• **TASK OBJECTIVE**: The reply should repeat all of the data word for word, with no pictures.

• **RECORDS SHOWN**:
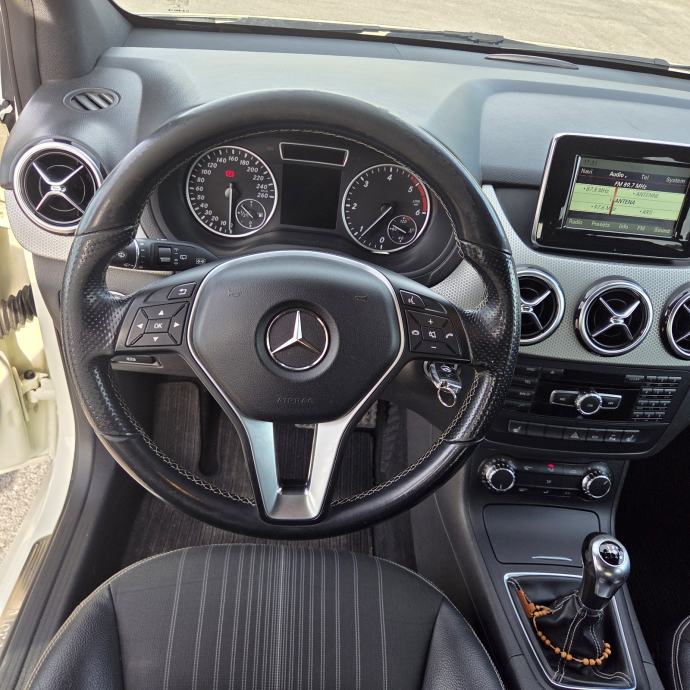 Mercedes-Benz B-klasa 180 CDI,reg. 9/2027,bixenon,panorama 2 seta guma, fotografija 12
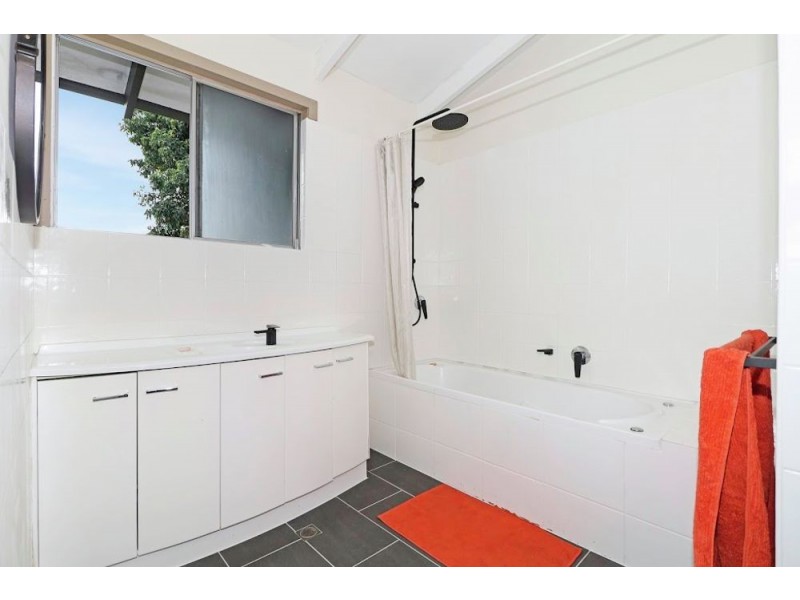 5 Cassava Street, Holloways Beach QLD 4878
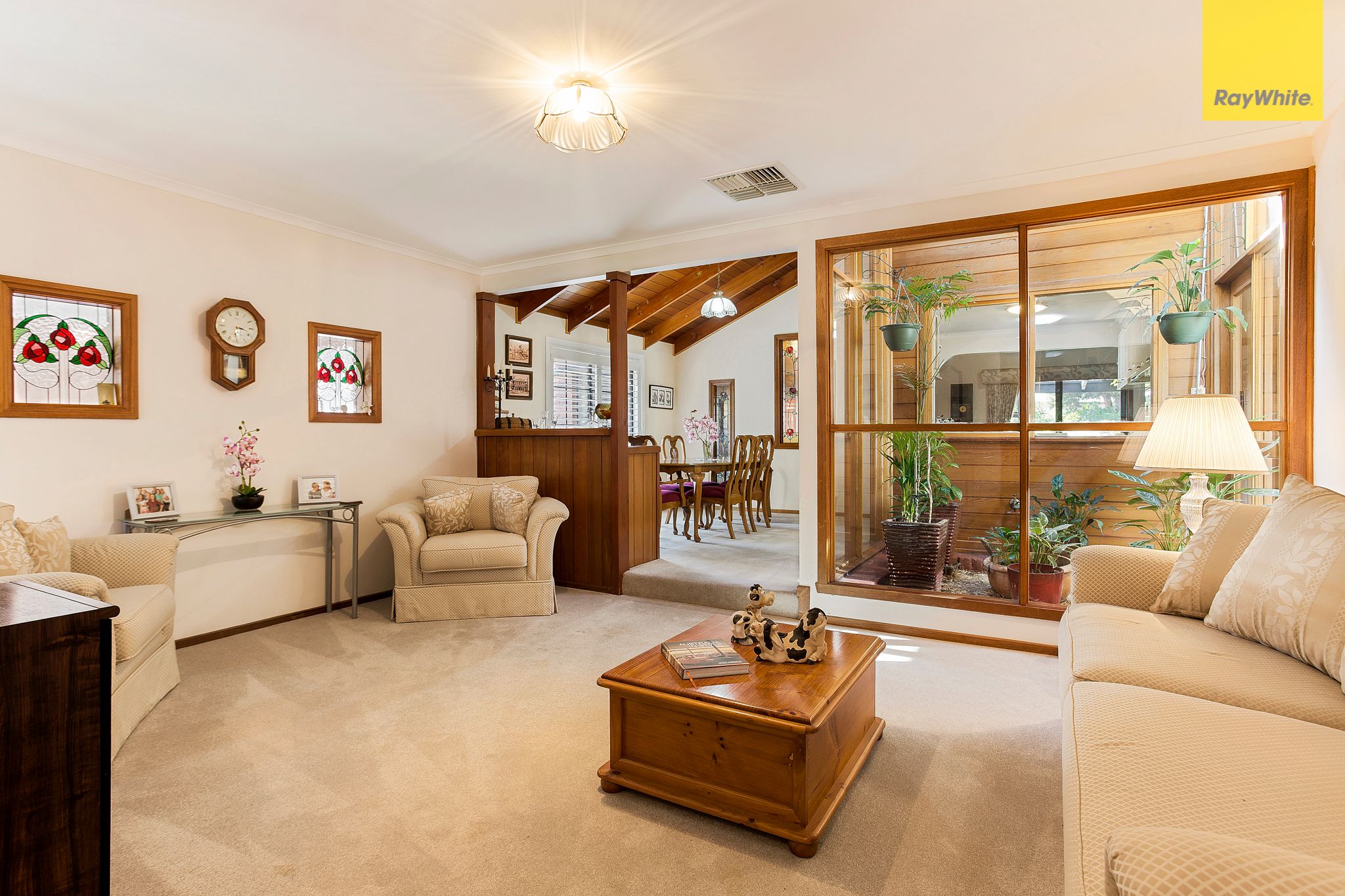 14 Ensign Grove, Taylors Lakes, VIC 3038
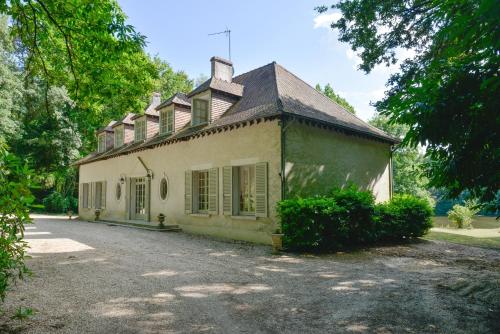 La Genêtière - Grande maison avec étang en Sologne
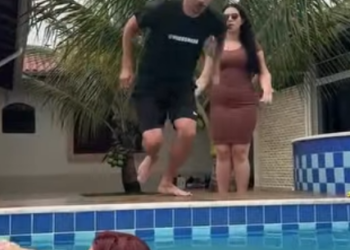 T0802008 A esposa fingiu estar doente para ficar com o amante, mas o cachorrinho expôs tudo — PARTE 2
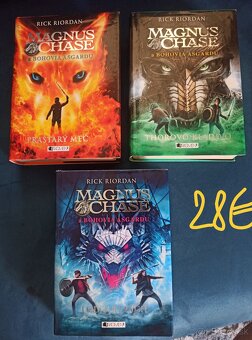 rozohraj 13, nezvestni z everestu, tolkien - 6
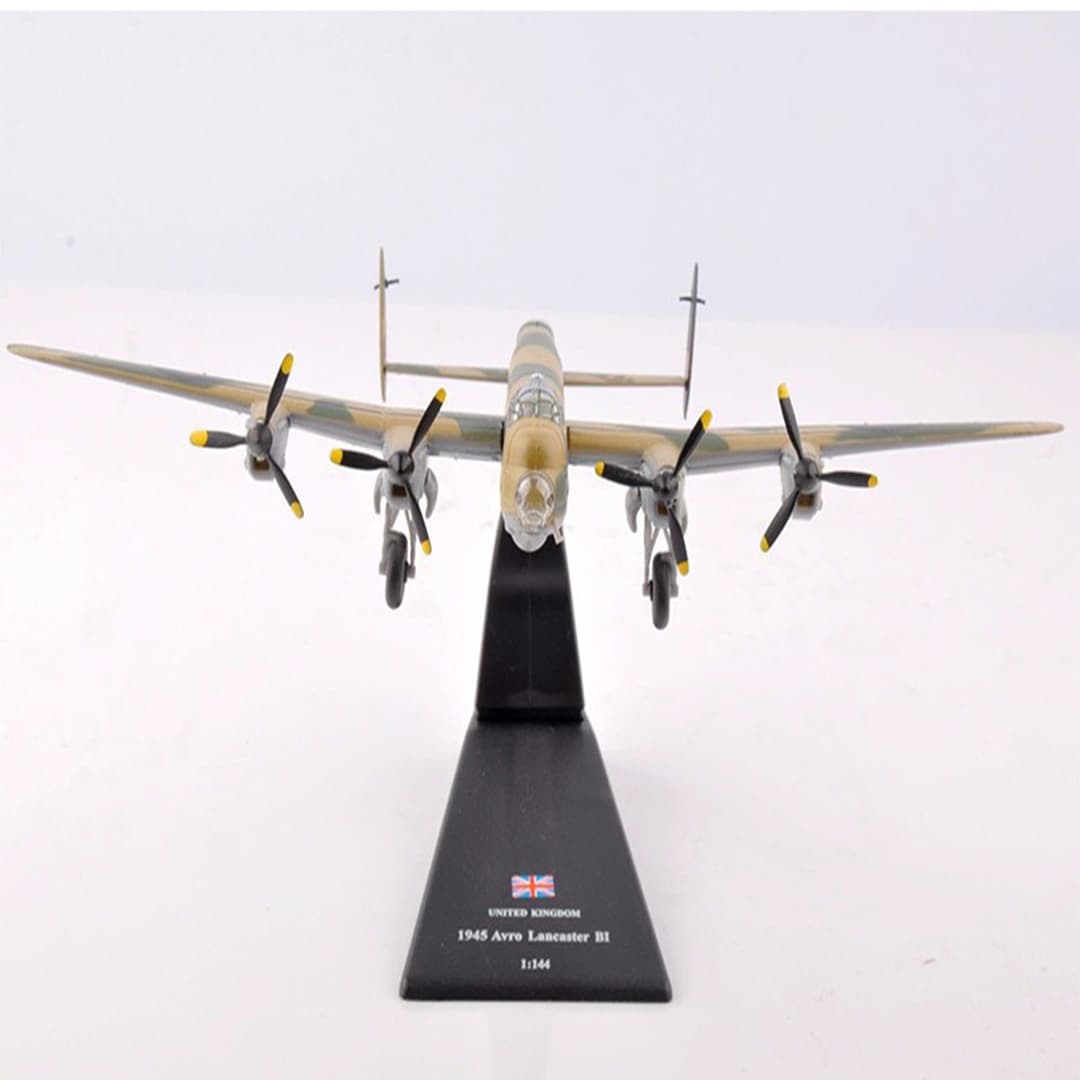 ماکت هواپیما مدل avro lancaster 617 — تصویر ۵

• **EXERCISE OUTPUT**:
 Mercedes-Benz B-klasa 180 CDI,reg. 9/2027,bixenon,panorama 2 seta guma, fotografija 12
 5 Cassava Street, Holloways Beach QLD 4878
 14 Ensign Grove, Taylors Lakes, VIC 3038
 La Genêtière - Grande maison avec étang en Sologne
 T0802008 A esposa fingiu estar doente para ficar com o amante, mas o cachorrinho expôs tudo — PARTE 2
 rozohraj 13, nezvestni z everestu, tolkien - 6
 ماکت هواپیما مدل avro lancaster 617 — تصویر ۵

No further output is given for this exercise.